Question
Why does coordination overhead fail?
Quick Answer
Treating coordination overhead as a fixed cost that 'comes with the territory' rather than a variable you can design. When you stop measuring coordination cost, it expands invisibly. Meetings breed meetings. Status reports breed status reports. Every new tool, channel, or process adds friction.
The most common reason coordination overhead fails: Treating coordination overhead as a fixed cost that 'comes with the territory' rather than a variable you can design. When you stop measuring coordination cost, it expands invisibly. Meetings breed meetings. Status reports breed status reports. Every new tool, channel, or process adds friction that individually seems trivial but collectively consumes the majority of available time. The failure mode is not too much coordination — it is unexamined coordination, where no one asks whether the cost of synchronizing is proportional to the value it produces.
The fix: Identify a project, team, or recurring collaboration in your life where more than three people are involved.
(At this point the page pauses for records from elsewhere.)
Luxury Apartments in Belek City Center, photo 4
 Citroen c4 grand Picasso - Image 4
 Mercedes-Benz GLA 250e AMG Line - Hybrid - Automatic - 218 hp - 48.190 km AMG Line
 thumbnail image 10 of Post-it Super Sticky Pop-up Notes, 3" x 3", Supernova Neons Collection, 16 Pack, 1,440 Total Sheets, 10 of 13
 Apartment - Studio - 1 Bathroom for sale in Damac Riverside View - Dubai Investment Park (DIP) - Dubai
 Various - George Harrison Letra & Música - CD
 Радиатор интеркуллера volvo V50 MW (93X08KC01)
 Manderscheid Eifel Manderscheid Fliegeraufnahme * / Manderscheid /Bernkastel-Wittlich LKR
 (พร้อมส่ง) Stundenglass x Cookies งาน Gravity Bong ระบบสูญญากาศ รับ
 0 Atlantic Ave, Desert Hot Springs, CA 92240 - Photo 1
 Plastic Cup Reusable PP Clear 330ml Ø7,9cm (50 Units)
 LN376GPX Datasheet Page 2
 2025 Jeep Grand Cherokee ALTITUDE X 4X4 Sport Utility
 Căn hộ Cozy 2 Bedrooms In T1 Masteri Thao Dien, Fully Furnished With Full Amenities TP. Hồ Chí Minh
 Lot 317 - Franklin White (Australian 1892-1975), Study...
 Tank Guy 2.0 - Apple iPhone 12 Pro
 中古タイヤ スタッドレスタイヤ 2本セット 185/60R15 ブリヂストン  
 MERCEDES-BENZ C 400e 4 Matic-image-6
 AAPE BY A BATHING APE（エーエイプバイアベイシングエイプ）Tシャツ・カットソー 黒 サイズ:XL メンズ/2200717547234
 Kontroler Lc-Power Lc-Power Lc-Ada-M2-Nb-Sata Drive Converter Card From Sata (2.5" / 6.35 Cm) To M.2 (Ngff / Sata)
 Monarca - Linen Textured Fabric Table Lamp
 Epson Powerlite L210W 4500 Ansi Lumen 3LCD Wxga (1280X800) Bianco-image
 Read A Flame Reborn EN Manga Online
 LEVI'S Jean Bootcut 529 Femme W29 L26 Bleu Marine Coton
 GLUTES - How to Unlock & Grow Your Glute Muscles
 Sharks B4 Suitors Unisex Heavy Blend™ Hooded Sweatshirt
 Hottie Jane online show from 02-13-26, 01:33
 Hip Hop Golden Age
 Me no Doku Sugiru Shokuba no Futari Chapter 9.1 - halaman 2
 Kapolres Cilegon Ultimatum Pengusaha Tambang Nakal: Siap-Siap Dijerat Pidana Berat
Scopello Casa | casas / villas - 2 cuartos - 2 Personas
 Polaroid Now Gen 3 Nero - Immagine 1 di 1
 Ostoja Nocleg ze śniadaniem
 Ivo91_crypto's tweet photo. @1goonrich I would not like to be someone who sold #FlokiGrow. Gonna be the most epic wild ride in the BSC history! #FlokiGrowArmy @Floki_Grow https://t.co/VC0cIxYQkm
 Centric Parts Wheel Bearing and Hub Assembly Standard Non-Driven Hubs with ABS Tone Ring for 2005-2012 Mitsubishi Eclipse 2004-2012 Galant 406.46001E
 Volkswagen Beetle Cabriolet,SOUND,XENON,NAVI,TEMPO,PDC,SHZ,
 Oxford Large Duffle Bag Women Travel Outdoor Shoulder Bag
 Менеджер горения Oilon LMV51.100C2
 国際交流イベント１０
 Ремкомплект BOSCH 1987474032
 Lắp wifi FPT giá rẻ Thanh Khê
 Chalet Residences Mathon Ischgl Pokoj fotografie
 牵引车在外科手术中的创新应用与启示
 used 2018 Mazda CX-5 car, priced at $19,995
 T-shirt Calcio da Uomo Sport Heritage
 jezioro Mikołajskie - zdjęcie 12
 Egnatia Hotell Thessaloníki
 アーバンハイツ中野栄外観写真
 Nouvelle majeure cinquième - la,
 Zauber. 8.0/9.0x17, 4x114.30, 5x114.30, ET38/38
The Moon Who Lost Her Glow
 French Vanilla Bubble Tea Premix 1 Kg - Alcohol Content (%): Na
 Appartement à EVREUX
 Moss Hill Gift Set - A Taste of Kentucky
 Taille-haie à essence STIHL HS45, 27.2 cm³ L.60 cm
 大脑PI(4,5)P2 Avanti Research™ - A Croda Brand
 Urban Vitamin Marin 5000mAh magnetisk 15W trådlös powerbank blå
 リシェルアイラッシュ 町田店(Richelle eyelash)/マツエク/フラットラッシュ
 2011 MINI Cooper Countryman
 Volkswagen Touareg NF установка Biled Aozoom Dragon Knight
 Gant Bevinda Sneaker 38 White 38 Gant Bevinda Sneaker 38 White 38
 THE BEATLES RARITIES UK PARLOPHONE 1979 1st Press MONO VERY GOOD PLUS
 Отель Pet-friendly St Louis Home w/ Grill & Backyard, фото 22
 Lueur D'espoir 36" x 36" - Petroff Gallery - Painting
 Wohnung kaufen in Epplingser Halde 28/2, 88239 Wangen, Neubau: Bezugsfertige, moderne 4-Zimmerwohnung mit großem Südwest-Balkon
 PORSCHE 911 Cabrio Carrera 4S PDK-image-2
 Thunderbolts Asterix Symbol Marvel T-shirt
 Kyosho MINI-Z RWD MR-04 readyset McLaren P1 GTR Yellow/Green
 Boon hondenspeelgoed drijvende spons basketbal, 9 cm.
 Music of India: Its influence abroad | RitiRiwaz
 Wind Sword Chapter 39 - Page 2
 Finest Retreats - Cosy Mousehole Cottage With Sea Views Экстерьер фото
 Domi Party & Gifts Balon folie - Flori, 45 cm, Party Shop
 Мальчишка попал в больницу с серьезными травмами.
Map every coordination mechanism currently in use: meetings, status updates, shared documents, chat channels, email threads, approval workflows. For each one, estimate the total person-hours per week it consumes across all participants. Sum the total. Now ask: what percentage of the group's total available hours goes to coordination versus production? If it exceeds 30%, pick the single highest-cost coordination mechanism and design a way to eliminate or halve it — by reducing participants, frequency, or scope. Run the change for one week and measure whether productive output increased.
The underlying principle is straightforward: Coordination itself costs effort — keep the coordination cost proportional to the benefit.